> EXERCISE DETAILS
Repeat nothing but the lines below running from the one containing "400 Ct Natural" to the one containing "Gvc*1 GG Marmont". Keep both end lines.

[Records contained in a dataset]
= = = = =

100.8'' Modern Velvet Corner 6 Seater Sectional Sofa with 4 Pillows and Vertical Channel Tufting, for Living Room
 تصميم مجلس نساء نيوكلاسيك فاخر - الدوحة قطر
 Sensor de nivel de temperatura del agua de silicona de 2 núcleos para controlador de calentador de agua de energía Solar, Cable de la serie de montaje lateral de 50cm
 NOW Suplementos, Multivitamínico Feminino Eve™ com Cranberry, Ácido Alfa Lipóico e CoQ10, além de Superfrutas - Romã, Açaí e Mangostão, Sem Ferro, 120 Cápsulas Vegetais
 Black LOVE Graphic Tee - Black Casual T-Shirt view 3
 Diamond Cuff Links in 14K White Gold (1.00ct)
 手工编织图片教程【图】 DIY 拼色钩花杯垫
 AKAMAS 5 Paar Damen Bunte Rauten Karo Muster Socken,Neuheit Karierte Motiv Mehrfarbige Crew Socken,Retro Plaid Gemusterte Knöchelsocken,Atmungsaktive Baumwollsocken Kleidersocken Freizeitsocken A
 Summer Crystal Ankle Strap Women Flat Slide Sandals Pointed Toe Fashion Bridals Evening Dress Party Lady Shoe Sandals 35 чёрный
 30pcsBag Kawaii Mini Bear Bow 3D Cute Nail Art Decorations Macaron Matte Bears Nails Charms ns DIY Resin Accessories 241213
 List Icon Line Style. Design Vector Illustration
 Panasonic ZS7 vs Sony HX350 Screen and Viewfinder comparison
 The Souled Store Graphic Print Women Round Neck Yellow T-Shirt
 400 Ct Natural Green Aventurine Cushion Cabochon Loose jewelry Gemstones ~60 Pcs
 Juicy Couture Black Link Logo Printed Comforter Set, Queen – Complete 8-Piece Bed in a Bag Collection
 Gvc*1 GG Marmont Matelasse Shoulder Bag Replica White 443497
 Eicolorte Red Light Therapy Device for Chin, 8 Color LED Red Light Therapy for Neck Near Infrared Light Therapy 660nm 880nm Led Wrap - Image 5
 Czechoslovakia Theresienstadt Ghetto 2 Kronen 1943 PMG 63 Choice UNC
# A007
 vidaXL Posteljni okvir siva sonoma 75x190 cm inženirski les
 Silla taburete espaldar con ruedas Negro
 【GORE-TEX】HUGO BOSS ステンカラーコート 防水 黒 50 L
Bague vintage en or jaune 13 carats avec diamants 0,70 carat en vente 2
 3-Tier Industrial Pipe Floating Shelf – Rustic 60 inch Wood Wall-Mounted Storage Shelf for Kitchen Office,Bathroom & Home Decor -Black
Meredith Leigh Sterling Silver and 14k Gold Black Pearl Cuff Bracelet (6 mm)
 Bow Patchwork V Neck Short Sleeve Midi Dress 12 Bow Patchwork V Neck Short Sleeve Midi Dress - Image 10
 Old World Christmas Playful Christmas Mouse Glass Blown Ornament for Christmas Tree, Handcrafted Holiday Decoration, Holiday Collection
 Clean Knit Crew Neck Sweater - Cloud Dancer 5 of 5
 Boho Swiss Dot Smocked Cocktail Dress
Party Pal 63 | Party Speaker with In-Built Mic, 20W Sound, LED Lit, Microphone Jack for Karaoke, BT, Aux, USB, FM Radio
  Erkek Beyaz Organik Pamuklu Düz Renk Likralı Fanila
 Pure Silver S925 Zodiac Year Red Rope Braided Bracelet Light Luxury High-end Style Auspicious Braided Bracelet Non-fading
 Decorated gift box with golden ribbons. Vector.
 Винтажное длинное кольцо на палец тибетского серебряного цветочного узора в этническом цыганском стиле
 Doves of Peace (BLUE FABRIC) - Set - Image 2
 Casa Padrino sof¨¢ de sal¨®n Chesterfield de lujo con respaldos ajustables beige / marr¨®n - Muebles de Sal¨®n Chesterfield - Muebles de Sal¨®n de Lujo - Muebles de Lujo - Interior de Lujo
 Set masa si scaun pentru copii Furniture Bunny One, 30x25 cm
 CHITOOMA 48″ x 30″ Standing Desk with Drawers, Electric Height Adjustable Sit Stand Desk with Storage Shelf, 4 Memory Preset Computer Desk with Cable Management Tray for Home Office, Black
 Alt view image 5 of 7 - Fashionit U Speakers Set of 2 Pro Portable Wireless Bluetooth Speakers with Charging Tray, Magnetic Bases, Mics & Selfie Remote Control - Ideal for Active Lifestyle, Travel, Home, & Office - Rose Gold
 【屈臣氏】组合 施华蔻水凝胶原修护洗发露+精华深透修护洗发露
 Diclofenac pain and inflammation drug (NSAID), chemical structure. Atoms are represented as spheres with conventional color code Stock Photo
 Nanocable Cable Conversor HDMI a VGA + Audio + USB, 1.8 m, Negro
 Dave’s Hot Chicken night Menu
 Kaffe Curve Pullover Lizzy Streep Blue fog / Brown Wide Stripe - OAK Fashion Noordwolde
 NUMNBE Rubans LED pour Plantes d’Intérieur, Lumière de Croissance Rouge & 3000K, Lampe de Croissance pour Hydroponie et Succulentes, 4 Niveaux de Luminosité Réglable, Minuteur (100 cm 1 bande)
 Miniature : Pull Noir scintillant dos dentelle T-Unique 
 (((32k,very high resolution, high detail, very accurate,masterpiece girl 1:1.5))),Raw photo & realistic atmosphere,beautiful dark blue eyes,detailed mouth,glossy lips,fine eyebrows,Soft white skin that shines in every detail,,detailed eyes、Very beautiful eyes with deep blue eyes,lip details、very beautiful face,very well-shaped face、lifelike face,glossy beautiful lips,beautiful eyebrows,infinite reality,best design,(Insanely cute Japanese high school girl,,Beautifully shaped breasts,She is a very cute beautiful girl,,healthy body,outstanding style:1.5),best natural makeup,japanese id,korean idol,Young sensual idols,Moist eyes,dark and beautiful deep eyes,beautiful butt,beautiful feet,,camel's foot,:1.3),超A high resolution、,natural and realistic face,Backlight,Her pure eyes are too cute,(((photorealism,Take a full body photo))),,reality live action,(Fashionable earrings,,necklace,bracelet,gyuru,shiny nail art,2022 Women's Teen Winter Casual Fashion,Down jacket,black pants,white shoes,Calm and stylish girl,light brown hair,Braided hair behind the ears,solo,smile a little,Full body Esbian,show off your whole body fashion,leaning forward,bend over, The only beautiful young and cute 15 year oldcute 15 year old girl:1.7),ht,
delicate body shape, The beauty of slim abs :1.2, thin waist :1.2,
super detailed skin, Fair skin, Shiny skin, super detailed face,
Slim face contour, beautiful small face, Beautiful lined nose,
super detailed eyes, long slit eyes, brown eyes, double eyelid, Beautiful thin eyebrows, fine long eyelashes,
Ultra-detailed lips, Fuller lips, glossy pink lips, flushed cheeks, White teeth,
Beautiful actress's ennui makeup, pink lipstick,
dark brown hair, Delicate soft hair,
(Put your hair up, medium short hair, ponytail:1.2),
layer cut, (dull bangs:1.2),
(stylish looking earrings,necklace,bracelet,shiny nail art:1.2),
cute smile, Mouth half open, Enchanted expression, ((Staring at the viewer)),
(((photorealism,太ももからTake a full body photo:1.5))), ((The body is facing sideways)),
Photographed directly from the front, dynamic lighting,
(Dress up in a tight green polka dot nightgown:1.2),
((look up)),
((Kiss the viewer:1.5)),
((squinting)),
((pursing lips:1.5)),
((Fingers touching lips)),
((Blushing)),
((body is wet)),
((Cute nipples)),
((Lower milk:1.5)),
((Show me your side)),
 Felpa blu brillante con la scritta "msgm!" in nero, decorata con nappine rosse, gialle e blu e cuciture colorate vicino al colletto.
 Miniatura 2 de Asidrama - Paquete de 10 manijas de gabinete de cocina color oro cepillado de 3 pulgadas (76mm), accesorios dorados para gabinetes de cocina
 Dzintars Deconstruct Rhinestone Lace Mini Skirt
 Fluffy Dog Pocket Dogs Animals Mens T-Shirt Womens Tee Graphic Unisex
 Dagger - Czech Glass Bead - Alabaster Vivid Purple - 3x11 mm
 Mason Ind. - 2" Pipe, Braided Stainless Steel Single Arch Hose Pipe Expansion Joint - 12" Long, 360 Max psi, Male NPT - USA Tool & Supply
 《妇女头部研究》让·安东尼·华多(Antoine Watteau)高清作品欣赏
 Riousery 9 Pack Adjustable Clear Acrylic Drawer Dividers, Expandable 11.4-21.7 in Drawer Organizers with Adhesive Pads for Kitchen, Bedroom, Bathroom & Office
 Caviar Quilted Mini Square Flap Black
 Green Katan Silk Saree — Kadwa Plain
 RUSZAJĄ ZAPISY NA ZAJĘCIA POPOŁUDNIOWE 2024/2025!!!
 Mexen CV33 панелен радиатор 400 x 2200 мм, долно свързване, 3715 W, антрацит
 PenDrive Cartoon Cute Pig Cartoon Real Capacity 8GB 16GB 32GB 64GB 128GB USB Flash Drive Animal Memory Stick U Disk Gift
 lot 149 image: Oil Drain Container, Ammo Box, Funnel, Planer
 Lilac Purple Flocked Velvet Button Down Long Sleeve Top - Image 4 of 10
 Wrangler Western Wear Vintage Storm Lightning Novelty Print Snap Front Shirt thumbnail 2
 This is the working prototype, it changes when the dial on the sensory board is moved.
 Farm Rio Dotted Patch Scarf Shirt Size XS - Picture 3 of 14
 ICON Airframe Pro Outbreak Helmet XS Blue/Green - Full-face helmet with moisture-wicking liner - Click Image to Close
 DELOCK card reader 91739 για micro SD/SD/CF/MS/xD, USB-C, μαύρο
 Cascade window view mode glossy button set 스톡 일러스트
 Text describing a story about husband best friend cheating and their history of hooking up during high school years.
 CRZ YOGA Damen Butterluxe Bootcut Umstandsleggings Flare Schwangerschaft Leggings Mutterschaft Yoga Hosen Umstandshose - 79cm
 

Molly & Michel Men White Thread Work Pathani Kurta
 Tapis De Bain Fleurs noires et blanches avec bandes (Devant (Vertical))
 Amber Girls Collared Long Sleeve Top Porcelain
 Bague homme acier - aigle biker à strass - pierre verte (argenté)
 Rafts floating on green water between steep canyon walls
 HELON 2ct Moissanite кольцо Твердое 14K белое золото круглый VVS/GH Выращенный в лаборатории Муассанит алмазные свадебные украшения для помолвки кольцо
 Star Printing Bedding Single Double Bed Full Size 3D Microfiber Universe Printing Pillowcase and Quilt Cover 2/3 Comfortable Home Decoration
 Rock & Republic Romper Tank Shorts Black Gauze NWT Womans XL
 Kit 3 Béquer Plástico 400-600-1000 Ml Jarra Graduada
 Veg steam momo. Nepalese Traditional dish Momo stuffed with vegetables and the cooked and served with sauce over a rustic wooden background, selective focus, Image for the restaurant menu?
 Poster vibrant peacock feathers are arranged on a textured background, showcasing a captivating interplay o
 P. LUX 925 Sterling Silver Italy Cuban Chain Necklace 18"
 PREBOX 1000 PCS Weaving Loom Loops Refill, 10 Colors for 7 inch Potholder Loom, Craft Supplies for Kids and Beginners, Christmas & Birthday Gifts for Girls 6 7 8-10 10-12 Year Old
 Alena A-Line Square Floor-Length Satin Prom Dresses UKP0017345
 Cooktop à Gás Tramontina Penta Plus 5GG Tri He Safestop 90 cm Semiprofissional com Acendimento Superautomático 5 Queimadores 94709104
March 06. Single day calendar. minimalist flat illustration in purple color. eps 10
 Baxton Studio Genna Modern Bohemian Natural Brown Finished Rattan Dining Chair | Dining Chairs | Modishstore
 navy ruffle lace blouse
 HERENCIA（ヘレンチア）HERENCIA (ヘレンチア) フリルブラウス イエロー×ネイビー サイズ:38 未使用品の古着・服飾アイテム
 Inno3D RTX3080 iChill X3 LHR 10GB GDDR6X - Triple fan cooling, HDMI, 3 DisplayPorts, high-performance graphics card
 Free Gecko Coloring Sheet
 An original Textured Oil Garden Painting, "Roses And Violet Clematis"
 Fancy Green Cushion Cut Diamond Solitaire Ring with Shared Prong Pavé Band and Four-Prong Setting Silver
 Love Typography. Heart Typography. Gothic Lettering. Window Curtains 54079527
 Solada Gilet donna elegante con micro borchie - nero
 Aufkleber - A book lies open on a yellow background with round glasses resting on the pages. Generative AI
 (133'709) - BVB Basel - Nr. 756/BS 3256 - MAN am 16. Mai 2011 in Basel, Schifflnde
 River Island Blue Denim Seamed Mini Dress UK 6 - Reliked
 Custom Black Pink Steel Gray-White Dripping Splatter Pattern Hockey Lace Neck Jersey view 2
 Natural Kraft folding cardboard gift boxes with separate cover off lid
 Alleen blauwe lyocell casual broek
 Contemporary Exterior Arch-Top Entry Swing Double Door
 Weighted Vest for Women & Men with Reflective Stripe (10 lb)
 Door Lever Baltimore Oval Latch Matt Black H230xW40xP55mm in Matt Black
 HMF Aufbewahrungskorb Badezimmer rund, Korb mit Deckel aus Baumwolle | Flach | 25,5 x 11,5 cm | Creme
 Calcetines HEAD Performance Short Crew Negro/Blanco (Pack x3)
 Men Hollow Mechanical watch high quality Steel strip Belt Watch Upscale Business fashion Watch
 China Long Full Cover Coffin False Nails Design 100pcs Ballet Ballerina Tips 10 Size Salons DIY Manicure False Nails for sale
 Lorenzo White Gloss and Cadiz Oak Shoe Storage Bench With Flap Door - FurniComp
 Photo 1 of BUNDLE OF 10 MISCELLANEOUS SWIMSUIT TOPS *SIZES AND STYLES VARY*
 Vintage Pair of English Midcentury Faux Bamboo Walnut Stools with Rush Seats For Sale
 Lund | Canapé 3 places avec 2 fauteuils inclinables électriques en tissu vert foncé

= = = = =

> OUTPUT OF THE EXERCISE
 400 Ct Natural Green Aventurine Cushion Cabochon Loose jewelry Gemstones ~60 Pcs
 Juicy Couture Black Link Logo Printed Comforter Set, Queen – Complete 8-Piece Bed in a Bag Collection
 Gvc*1 GG Marmont Matelasse Shoulder Bag Replica White 443497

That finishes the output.